President Obama said that inequality is
the defining challenge of our time.
and he staked his presidency on trying to reduce inequality in access to health insurance and health care. Pope Francis said that
Inequality is the root of social ills.
But what do I mean if I say that I am against inequality? I will briefly summarize a few puzzles about equality in recent moral philosophy and give you some links to explore them.
I see three big questions. This first is, Equality Among Whom? Who falls in the population within which things should be equalized? The American founders believed that “all men are created equal” but they notoriously did not include women or slaves. Today, Americans mostly debate inequality among Americans. This special concern for our countrymen stands in need of justification, because inequality between Americans and the world’s poor is greater than inequality within America. Similarly, I am committed to reducing inequality among children. And yet I worked very hard to give my children the best health care and schooling I could. Can I square my partiality toward my children with my commitment to equality?
The second question is: Equality of What?, that is, what aspect(s) of a person’s life should count when an egalitarian considers whether her ideal is realized in a given society? There are many social outcomes that we might seek to equalize. Much recent discussion focuses on inequality in health, health care, income, wealth, and political power. Considering these diverse aspects of life prompts us to ask whether there is a more fundamental social outcome that we are trying to equalize.
Perhaps we should focus on equality of wellbeing? Or perhaps we should equalize the primary goods or resources that a person can use to pursue their life goals and leave it to the individual to convert these to wellbeing? But what if you disapprove of the life that gives me wellbeing? Suppose that I just want to surf: Are egalitarians required to subsidize my lifestyle? Amartya Sen argues that we should not focus on equalizing wellbeing, but rather on ensuring that each person has the capabilities necessary
to lead the type of life he or she has reason to value.

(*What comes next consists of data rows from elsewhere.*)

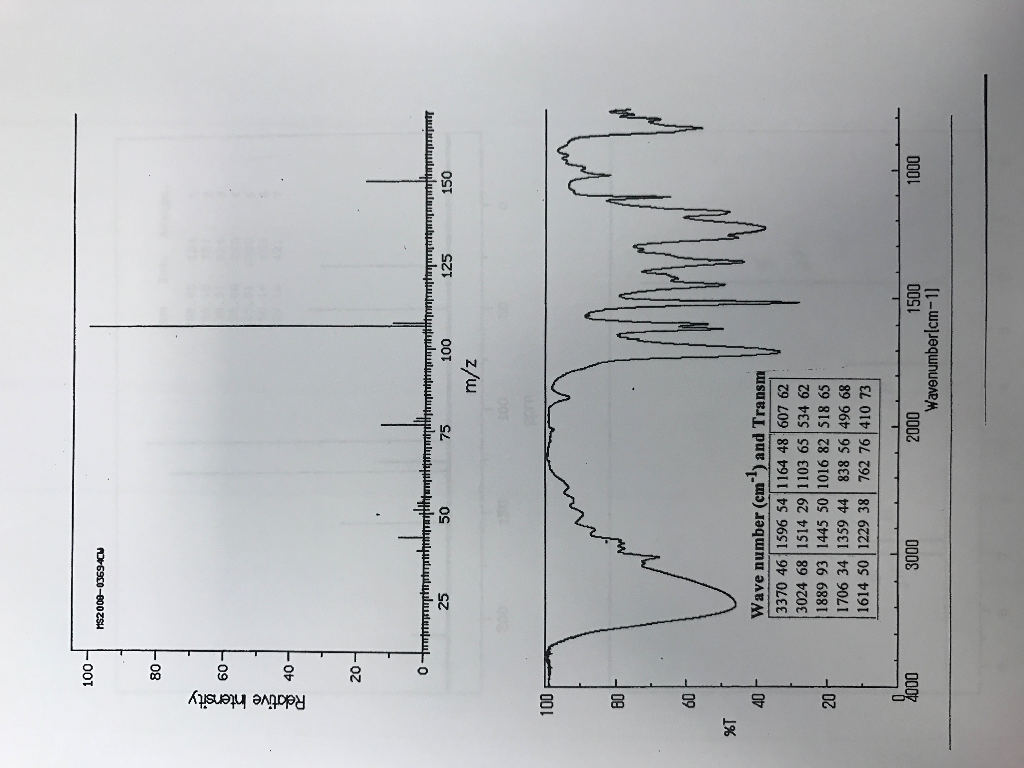 Solved Help With Spectroscopy Problem. Find And Label Key | Chegg.com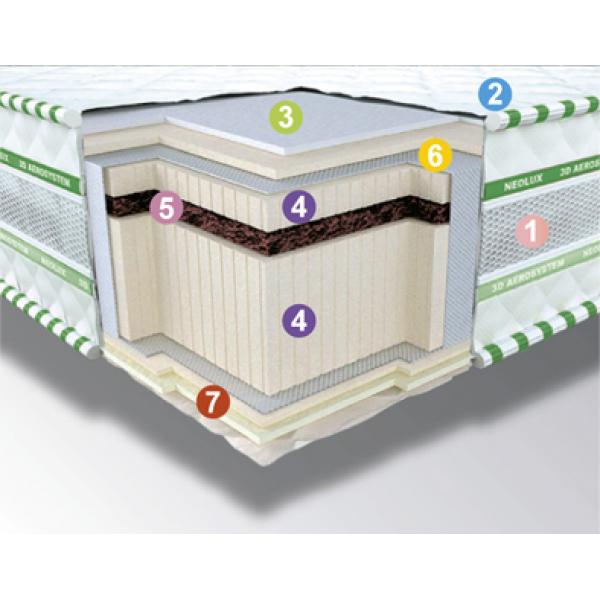 

Ортопедический матрас Neolux 3D Aerosystem Neoflex BIO Зима-лето 80х190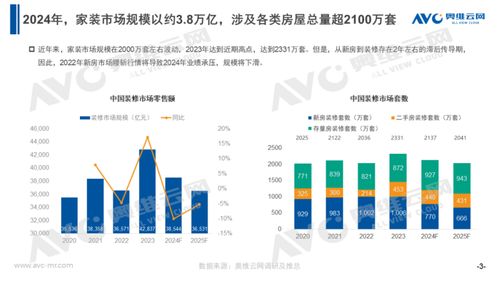 行业观察 2天业绩顶1个月，国庆家居家电销售爆火背后的装卸服务挑战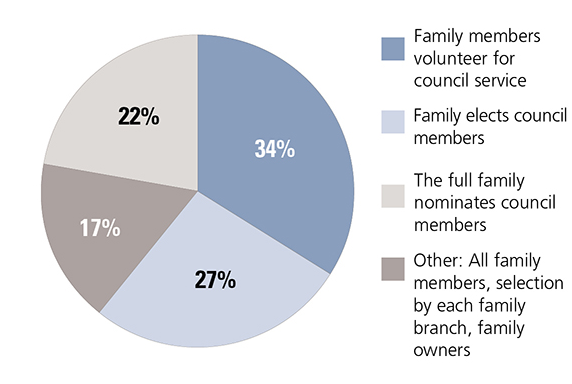enterprising-families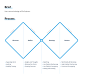 Case Study file explorer UI UI/UX usability testing user experience ux UX design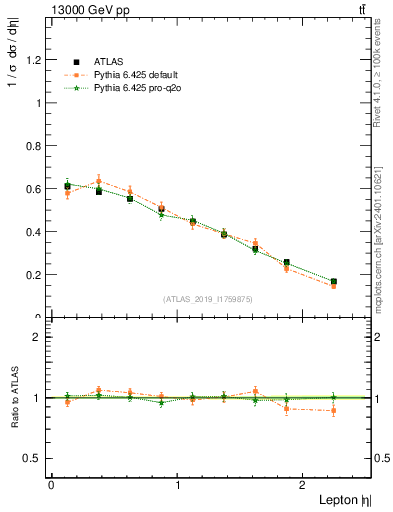 Plot of l.eta in 13000 GeV pp collisions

Or should we not focus on social outcomes at all, but only on equality of opportunity to achieve those outcomes? But what does equality of opportunity actually imply? Must every child have the same probability distribution of social outcomes at birth? Could we get there without equalizing their parents’ wealth and income? Or is it sufficient for equality of opportunity that everyone is equal before the law?
OK, suppose that we know what we want to equalize. The third question is: Why Do I Want Equality?
in itself bad if some people are worse off than others through no fault or choice of theirs.
These people want to achieve equality for its own sake. A common objection to this view, however, is that it appears to endorse “levelling down,” that is,
this principle implausibly implies that, if some people are better off than others, it would be in one way better if everyone became much worse off, but the better off people suffered greater misfortunes, so that everyone became equally badly off.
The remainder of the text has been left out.